Figure 3 presents six images from the animation, and Figures 3C and 3E are especially interesting. They represent images of caveolae at the extracellular and intracellular surfaces of adipocyte plasma membranes, respectively, and most students will immediately recognize differences in caveolae number in the two images. They may also notice a difference in the sizes of vesicles attached to the intracellular PM surface. Discussion of what the numerical difference represents and whether it is meaningfully correlated with the size difference provides a natural entry to the paper itself and, specifically, to the hypothesis that larger caveolae are open to the surface while smaller ones are closed (and simply tethered to the surface) and to how this hypothesis was tested.

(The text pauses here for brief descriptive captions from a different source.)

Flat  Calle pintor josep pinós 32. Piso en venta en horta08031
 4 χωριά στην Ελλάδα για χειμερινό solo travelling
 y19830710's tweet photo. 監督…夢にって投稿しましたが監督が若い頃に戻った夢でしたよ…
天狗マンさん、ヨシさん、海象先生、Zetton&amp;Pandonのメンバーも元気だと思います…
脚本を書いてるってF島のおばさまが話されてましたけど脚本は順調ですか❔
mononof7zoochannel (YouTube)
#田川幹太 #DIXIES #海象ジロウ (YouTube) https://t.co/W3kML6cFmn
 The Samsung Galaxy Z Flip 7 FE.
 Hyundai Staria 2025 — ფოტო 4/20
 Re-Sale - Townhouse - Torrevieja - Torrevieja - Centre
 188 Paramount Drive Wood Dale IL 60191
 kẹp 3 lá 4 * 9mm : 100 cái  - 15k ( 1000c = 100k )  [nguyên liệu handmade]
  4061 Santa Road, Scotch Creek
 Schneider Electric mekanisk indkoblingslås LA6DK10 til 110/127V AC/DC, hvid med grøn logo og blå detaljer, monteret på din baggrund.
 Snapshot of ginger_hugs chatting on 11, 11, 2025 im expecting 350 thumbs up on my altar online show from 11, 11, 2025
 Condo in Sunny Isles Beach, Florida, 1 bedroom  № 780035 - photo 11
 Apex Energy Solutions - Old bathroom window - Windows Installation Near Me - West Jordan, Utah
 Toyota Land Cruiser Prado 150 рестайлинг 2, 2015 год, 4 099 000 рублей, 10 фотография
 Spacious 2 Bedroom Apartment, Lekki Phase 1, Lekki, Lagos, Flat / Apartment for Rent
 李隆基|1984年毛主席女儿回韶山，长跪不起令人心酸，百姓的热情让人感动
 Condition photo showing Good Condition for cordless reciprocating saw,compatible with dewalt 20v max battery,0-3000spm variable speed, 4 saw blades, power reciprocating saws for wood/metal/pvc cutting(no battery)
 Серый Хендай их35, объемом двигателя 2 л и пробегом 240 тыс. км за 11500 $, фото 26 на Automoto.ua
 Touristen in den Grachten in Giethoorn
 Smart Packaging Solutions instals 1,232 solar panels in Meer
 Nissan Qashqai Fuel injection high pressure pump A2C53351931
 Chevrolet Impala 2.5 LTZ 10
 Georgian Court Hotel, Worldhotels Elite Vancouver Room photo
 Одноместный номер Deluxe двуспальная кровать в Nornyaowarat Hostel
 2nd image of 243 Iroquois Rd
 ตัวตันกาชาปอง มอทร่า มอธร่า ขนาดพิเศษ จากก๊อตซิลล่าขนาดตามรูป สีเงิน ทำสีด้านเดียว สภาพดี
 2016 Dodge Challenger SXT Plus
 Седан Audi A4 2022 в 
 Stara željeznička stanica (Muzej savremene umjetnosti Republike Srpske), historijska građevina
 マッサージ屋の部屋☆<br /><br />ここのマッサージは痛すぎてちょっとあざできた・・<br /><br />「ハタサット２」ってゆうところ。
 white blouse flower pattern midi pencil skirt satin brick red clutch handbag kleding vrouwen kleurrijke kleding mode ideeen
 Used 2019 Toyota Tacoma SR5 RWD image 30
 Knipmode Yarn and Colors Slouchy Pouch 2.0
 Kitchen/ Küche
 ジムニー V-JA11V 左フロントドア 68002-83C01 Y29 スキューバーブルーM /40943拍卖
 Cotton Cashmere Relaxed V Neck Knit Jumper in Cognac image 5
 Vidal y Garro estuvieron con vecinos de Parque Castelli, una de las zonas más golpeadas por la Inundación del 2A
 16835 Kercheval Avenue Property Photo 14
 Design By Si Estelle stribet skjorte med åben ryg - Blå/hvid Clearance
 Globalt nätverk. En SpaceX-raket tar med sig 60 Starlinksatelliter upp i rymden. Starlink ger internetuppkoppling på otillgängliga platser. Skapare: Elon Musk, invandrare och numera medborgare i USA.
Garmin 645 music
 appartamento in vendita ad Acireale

Questions are raised easily about how the caveolae are formed and whether this process resembles how clathrin-coated vesicles are formed. Apparently, a coating protein called caveolin is involved in the process, but its presence is restricted to caveolae necks: the authors' Figure 5 depicts a single clathrin-coated vesicle (with its honeycomb morphology) and several smoother caveolae. The authors estimate that open-ended caveolae increase the effective surface area of adipocytes significantly, and thoughtful students will speculate about the functional significance of such an increment (and, indeed, about the function of both populations of caveolae). Consideration of these broader questions could well become the focus of a journal club presentation (see Parton, 2001).